> _WORK TASK_
All entries must be repeated exactly; do not include the pictures.

(Excerpts from a dataset)
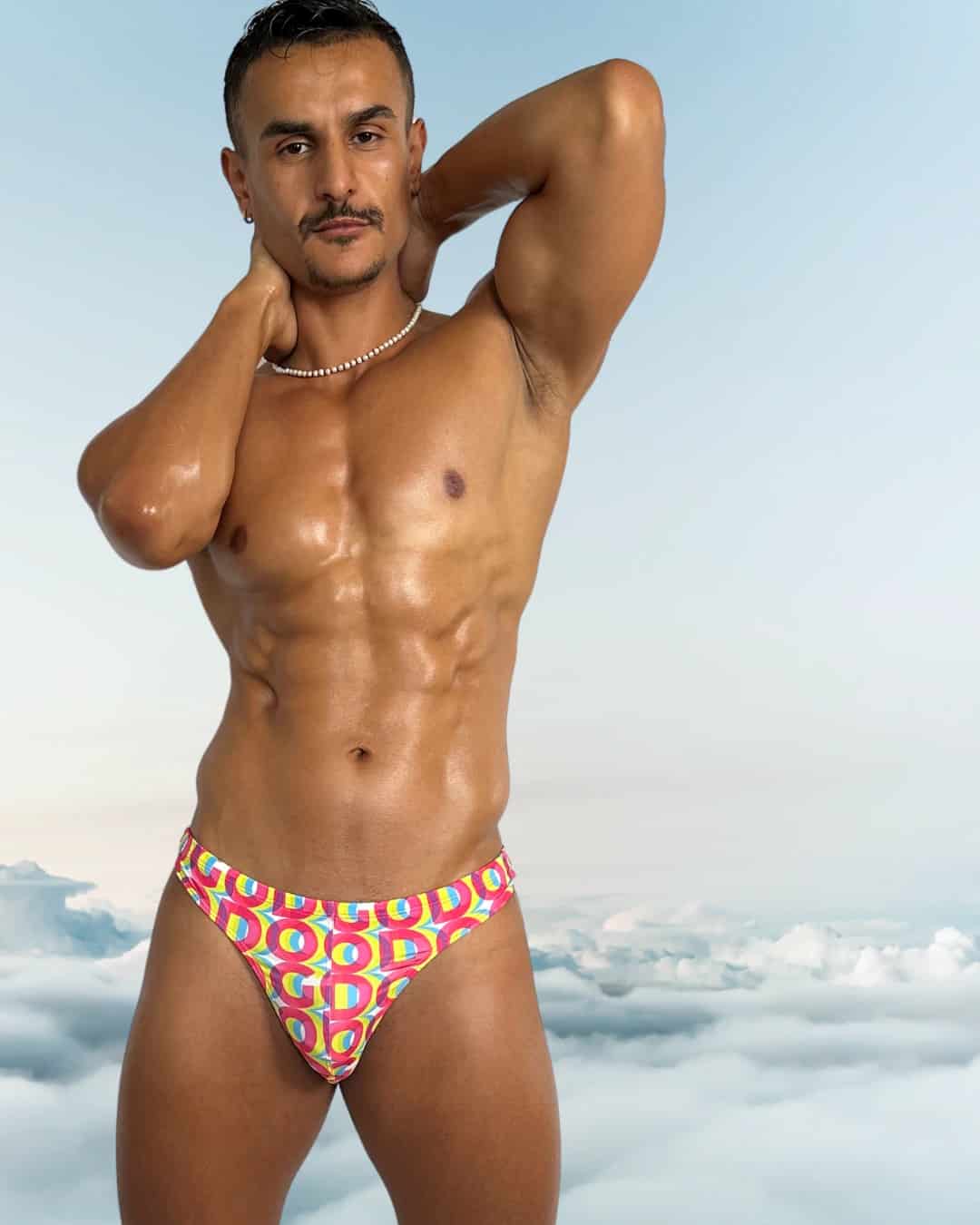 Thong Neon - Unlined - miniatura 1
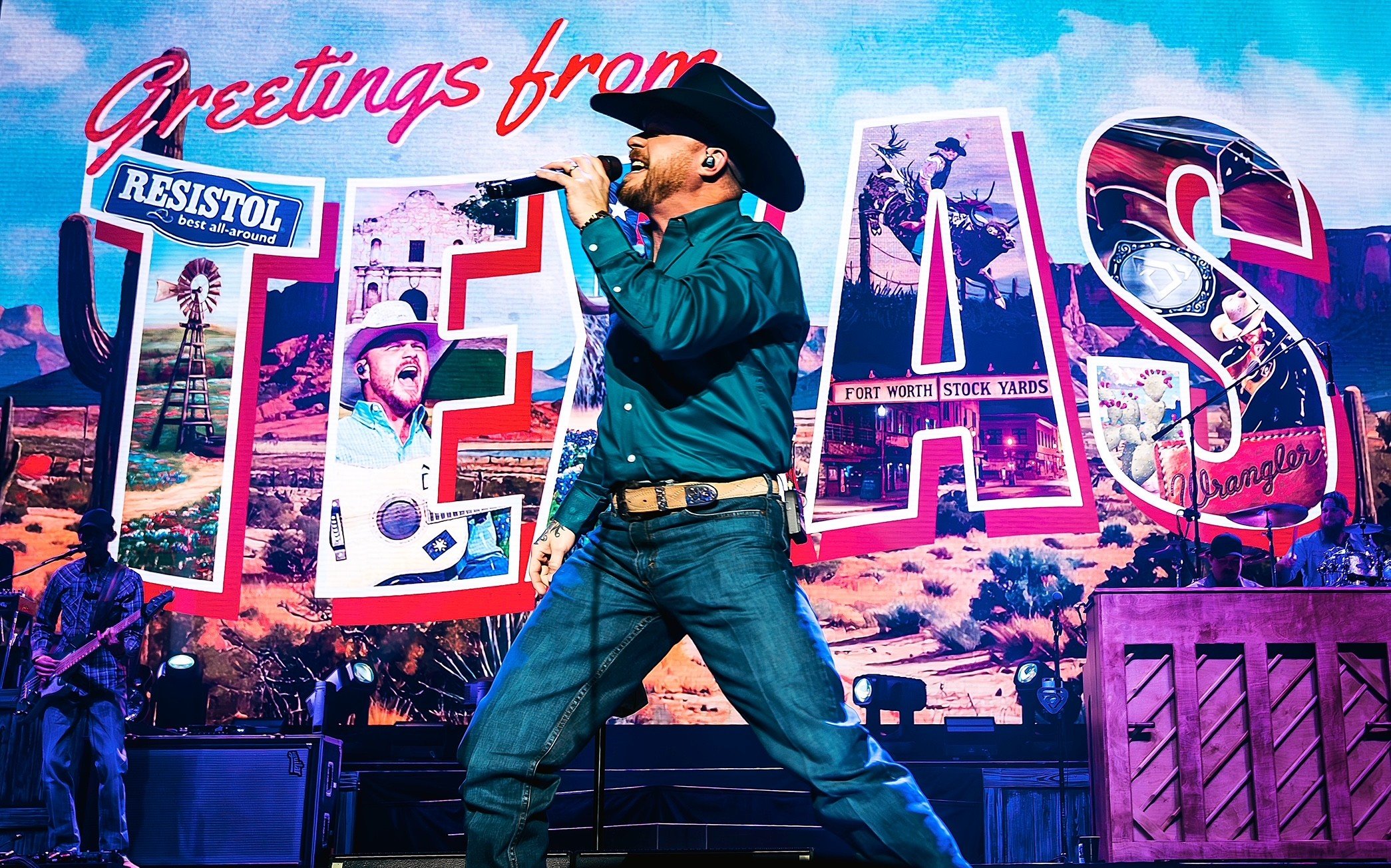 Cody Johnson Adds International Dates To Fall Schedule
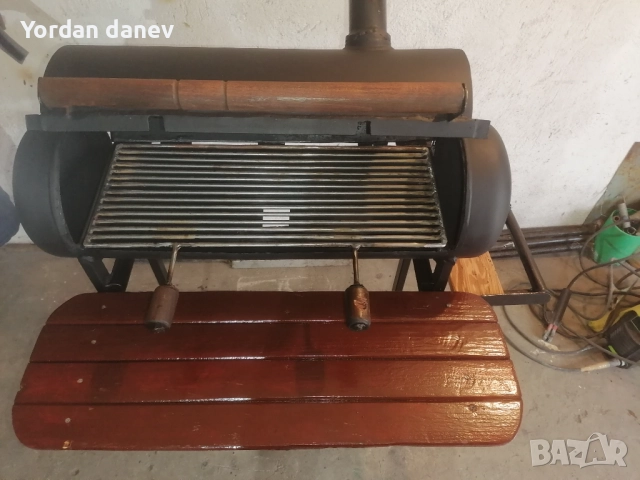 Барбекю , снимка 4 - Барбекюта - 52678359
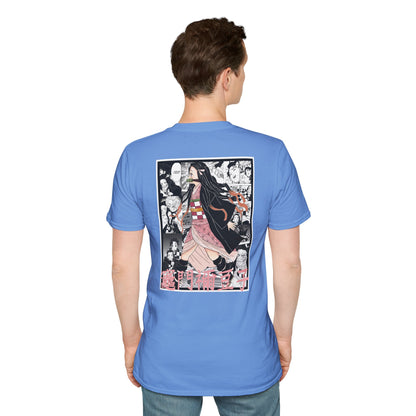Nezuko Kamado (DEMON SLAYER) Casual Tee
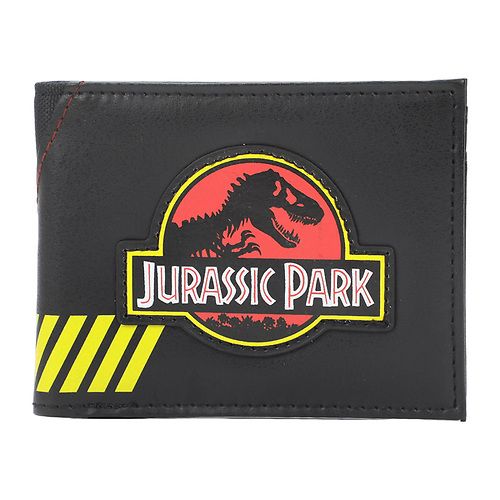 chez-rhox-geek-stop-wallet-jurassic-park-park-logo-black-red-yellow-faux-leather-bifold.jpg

> _REPLY_
 Thong Neon - Unlined - miniatura 1
 Cody Johnson Adds International Dates To Fall Schedule
 Барбекю , снимка 4 - Барбекюта - 52678359
Nezuko Kamado (DEMON SLAYER) Casual Tee
 chez-rhox-geek-stop-wallet-jurassic-park-park-logo-black-red-yellow-faux-leather-bifold.jpg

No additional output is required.